There is no other team in the NFL with the dual ownership situation the Giants have. Fans always want to say “John Mara this, John Mara that” when they talk about Giants’ ownership. Frankly, that’s not correct. The Mara family owns 50 percent. The Tisch family owns 50 percent. They are absolute equal partners in terms of both finances and decision-making.
That comes with its own set of problems. Simply put, two people don’t always agree. Especially two rich, powerful people.
That means there may not always be one vision. Certainly over the years you would have to think neither man has always gotten what he wanted when it comes to coaches, GMs, draft picks, trades, whatever.
Is there potential there to leave the franchise direction-less, or bouncing between the visions of two strong-willed men? Sure. I am not saying that is where the Giants are, but the structure opens the door for that.

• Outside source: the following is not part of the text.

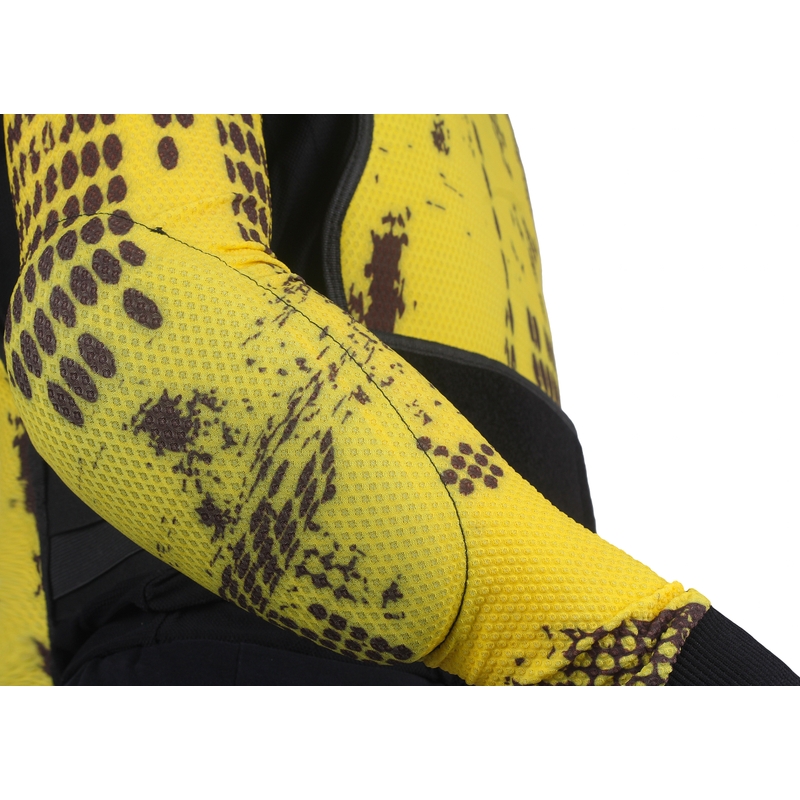 Chránič těla Street Racer Royal žlutý výprodej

How do the owners resolve their differences if, let’s say, John Mara is adamant that he wants Matt Rhule of Baylor as the next coach and Steve Tisch his his heart set on, oh, let’s just toss out the name Kevin Stefanski? Or, if one owner were to support keeping Gettleman in charge and the other can’t wait for him to start that Cape Cod retirement he has talked about?
The other charge you always hear with the Giants is that they are stuck in the past.
Are they? Maybe.
If you know your Giants history, you know that Wellington Mara’s biggest flaw was probably that he was loyal to a fault to those who played and worked for him.
What finally got the Giants out of the Wilderness Years of the 1960s and 1970s was turning to George Young, an outsider, getting out of his way and letting him do what he thought was right.
Young’s imprint is still felt on these modern-day Giants. He trained Ernie Accorsi. Jerry Reese scouted under Young for several years. Accorsi has had a huge influence on Dave Gettleman. So, the lineage is obvious. The Giants don’t want to become the Knicks, changing direction every couple of years.
Gettleman is the GM instead of Louis Riddick or someone because ownership has always felt more comfortable staying with what it knows, with people who have helped the organization succeed in the past. It has to be part of why Eli Manning was still the quarterback at the start of the 2019 season. It’s why the quarterback they chose to succeed Manning is so much like Manning himself.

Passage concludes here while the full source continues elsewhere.